HATTIESBURG, MS (WDAM) - A Hattiesburg man convicted of two counts of capital murder in the gruesome 2004 slayings of two people appeared Monday in a Forrest County Courtroom.
Roger Gillett appeared before Judge Bob Helfrich where a date to re-hear the sentencing portion of his trial is set to begin November 16th. On June 12, the Mississippi Supreme Court overturned Gillett's death sentence in connection to the 2007 conviction on two counts of capital murder.
Gillett was convicted in the murders of his cousin Vernon Hulett and Hulett's girlfriend Linda Heintzelman.
In late November, Forrest County Circuit Court officials requested Gillett be transferred to the Forrest County Jail from Parchman until the re-sentencing.
The 6-3 decision by the state Supreme Court it was addressed that not every escape is considered a crime of violence under Kansas law. This played into the death sentence in Mississippi, and according to Justice Ann Lamar, cannot be used in the sentence.
This ruling was granted after Gillett's post conviction appeal.

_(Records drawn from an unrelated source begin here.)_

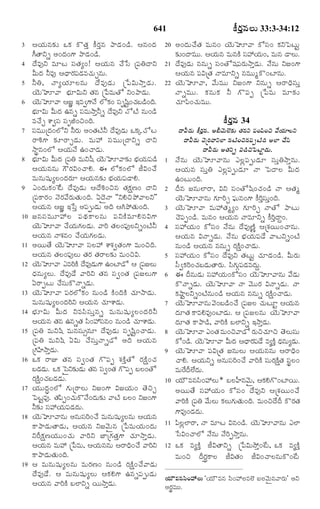 TELUGU BIBLE.pdf -తెలుగు బైబిల్.pdf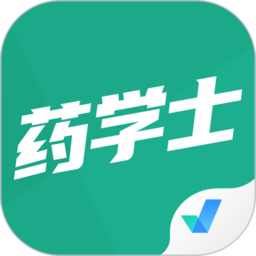 药学士考试聚题库手机版 v2.0.1 安卓版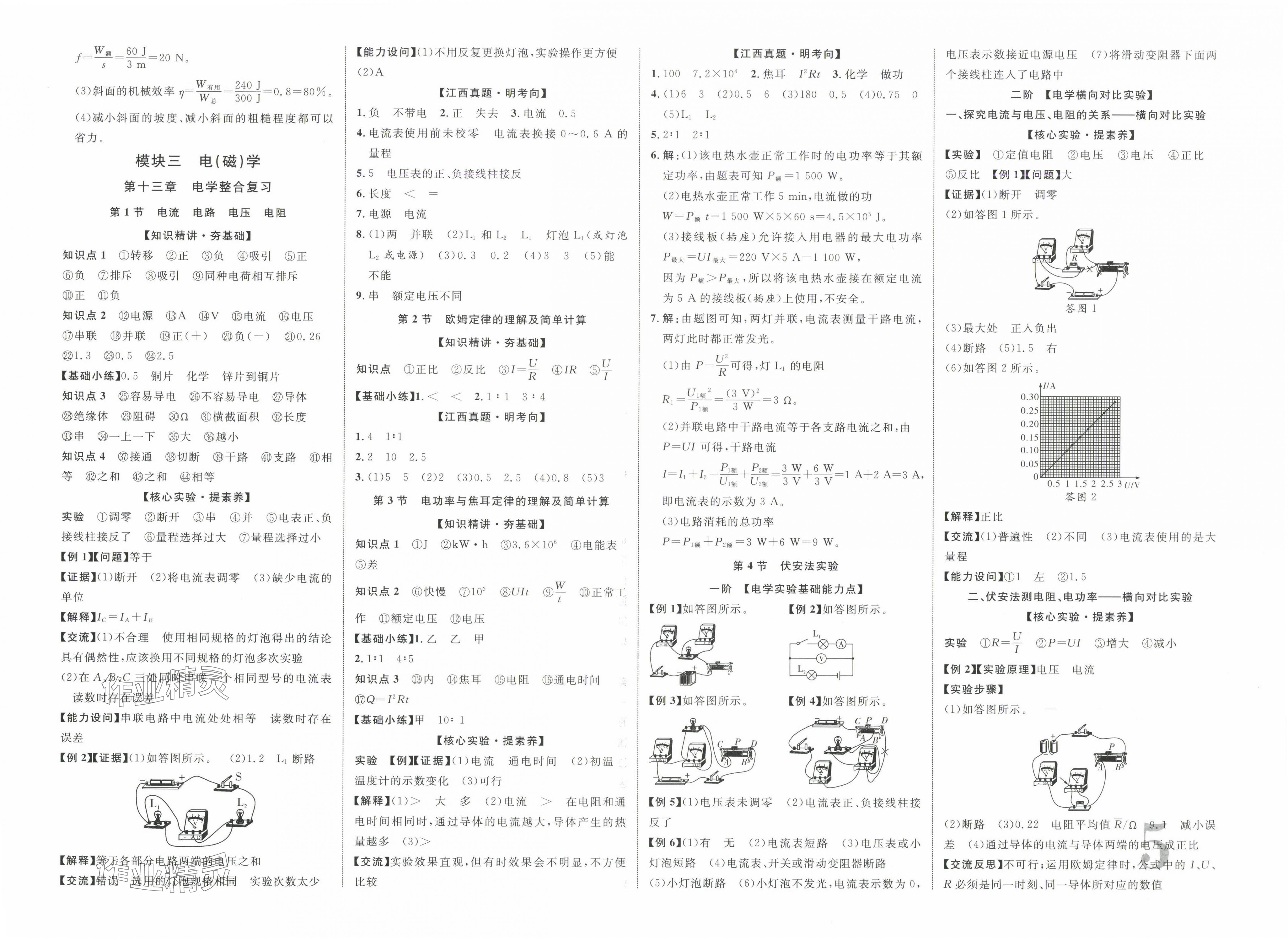 2025年中教聯(lián)中考新突破物理中考江西專版 第5頁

Gillett and his then-girlfriend Lisa Jo Chamberlin were arrested March 29, 2004, after Kansas law enforcement officers raided an abandoned farm house near Russell, Kansas. The property that was owned by Gillett's father is where the pair of dismembered bodies of Hulet and Heintzelman were discovered in a freezer.
At the time of the murders, the pair was living with Hulet and Heintzelman at a Hattiesburg home.
According to court documents Gillett claimed he raped Heinzelman with a beer bottle, before killing her, and he hit Hulet in the head with a hammer before cutting off his head and arms. Details also listed that Chamberlin admitted to helping Gillett dispose of the bodies in the freezer, bury the evidence and clean up the crime scene.
Court records also stated that during a taped confession played during the trial, Chamberlin said the victims were killed because they wouldn't open a safe in Hulet's home.
Chamberlin was also convicted of capital murder in 2006 for the killings, and the Supreme Court upheld her conviction in 2008.